In analytical instruments, typically a sample to be analyzed, such as a solid, liquid, or gas sample, is combusted in a furnace and subsequently the byproducts of combustion are swept by an inert gas, such as helium, into an oxidizer which converts, for example, carbon monoxide from the furnace into carbon dioxide for subsequent infrared detection. In order to analyze substances other than carbon dioxide (representative of the oxygen content of a sample), it is necessary to scrub and remove the carbon dioxide from the carrier stream so that the remaining analytes, such as nitrogen, can be measured by a subsequent detector, such as a thermal conductivity cell located downstream of the scrubber. With such systems, however, the scrubbing of carbon dioxide or other gas from the carrier stream reduces the pressure and flow rate of the carrier gas and remaining analytes as it approaches subsequent detectors for determining the remaining analyte. These perturbations in pressure and resulting flow rate result in inaccurate measurements of analytes subsequent to the scrubbing operation. In an oxygen/nitrogen analyzer, for example, the nitrogen, which is measured downstream of the scrubber with a thermal conductivity cell, is adversely affected and can result in readings which have a significant error. The error, for example, could be as high as 35 ppm (parts per million) for a nitrogen sample having a 5 ppm concentration in a sample having a high oxygen concentration of 50,000 ppm.
Although attempts have been made to overcome this problem using a split stream of analytes, such systems require a more complex and expensive flow system, and it is difficult to maintain the ratio of analytes split into two flow paths constant. Further, the analytical time is increased significantly as in the carrier gas consumption. Also the resultant accuracy, although improved, remains erroneous when measuring a low concentration analyte in combination with a high concentration analyte.
As a result, there exists a need for a relatively economical analysis system in which a relatively small concentration of an analyte in the presence of a higher concentration of a second analyte can be accurately determined without interference due to perturbations in the pressure or flow of the carrier-gas analyte stream.

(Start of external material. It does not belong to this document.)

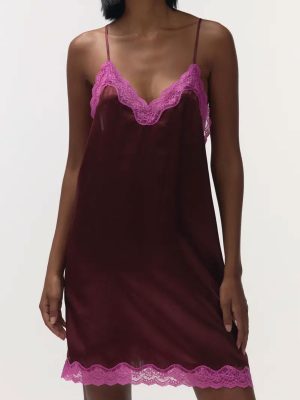LOVE Stories Willow Abito Sottoveste Burgundy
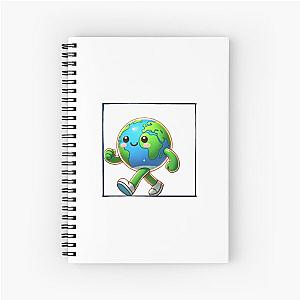 Earth taking a stroll Spiral Notebook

The system of the present invention overcomes the problems of prior art analyzers by providing a compensation system for providing a makeup flow of carrier gas to maintain the pressure and/or flow rate of the stream of analyte and inert gas to a detector constant such that a accurate determination of a low level of an analyte can be accurately determined. In one embodiment of the invention, a carrier gas is introduced through a controlled valve responsive to a detected pressure in the gas flow stream between a scrubber and a subsequent detector for maintaining the pressure constant during an analysis. In another embodiment of the invention, a flow transducer is positioned in the gas flow path between the scrubber and detector and coupled to a flow control valve to introduce carrier gas as a function of detected gas flow such that the flow rate of gas into the detector is maintained constant. In either embodiment, a relatively low level of analyte, such as nitrogen, in the presence of a relatively high concentration of another analyte, such as oxygen, can be accurately determined utilizing a flow system which has a minimal number of components. Such a system provides greatly improved accuracy for the economical measurement of a relatively low level of analyte in the presence of a second analyte having a higher concentration.